Treatment for Colic
In most cases, infantile colic does not require treatment and resolves by the time the infant is about 4 months old. Management of the condition may involve identifying and eliminating possible triggers (e.g., foods in the nursing mother's diet) and trying several different infant feeding and soothing techniques.
Tips for managing colic include the following:
- During feedings, hold your infant as upright as possible. Burp the baby frequently, offer small feedings more often, and avoid overfeeding. If breastfeeding, continue to nurse. Allow the infant to empty one breast before switching sides to make sure your baby receives hindmilk (milk produced at the end of a feeding), which is higher in fat and promotes healthy weight gain and development. If bottle feeding, ask your baby's pediatrician about which bottles and nipples to use and about changing to a soy-based or hypoallergenic formula. Do not switch formulas without consulting a qualified health care provider.
- Avoid over stimulating your baby, especially towards the end of the day.
- Offer your baby a pacifier. Most infants have a very strong sucking reflex and a pacifier can be soothing and comforting.
- Hold your baby often. It is not possible to "spoil" infants by holding them too much.
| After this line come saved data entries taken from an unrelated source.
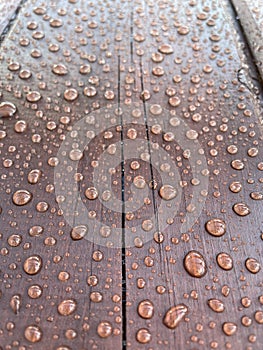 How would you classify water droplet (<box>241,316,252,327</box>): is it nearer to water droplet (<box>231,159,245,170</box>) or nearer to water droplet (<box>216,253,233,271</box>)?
water droplet (<box>216,253,233,271</box>)

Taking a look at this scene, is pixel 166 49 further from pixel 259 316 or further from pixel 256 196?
pixel 259 316

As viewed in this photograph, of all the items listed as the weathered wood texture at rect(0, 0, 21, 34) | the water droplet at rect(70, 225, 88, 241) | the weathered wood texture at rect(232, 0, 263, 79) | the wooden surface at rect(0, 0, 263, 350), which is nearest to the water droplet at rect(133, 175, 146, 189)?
the wooden surface at rect(0, 0, 263, 350)

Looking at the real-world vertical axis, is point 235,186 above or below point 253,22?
below

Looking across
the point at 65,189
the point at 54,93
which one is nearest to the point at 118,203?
the point at 65,189

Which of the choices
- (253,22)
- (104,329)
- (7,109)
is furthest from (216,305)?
(253,22)

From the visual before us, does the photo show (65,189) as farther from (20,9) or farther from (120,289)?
(20,9)

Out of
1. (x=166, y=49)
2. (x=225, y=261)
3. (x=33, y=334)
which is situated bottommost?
(x=33, y=334) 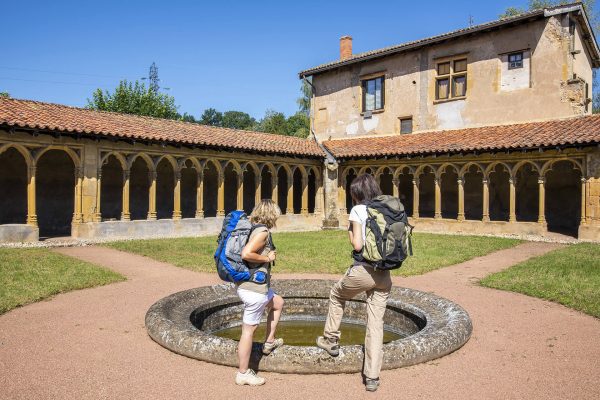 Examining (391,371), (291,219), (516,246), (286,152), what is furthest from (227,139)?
(391,371)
Try a baby sling or other type of baby carrier.
- Swaddle the baby in a light receiving blanket. Place your baby on his or her back to sleep (to reduce the risk for sudden infant death syndrome [SIDS]), but try other positions (e.g., upright in an infant seat, on his or her tummy on a blanket) while the baby is awake.
- Use a baby swing, carriage, or vibrating infant seat to keep your baby moving. Rock your baby or take him or her for a ride in the car. However, do not drive while you are anxious, upset, or tired.
- Sing to your baby or speak to him or her in soft tunes. Play soothing music or a CD of environmental sounds (e.g., rainfall, ocean waves).
- Give your baby a warm bath or gentle massage. Rub his or her back or tummy.
- Take a break if you feel anxious or frustrated. Ask another trusted adult (e.g., spouse, family member, friend) to care for the baby for awhile.
- Take care of yourself and remember: colic is temporary. Eat a healthy diet and get plenty of exercise. Fatigue can be overwhelming when dealing with a colicky baby. If possible, sleep when your baby sleeps.
- Contact a qualified health care provider or crisis intervention center if you are losing control and are concerned that you might harm your baby.
More research is needed regarding the use of medications and complementary and alternative medicine (CAM) to treat colic. Some studies have shown that certain herbs (e.g., chamomile, lemon balm, licorice, fennel) can reduce crying in colicky babies. Parents and caregivers should consult with a qualified health care provider before giving herbal remedies or supplements to infants.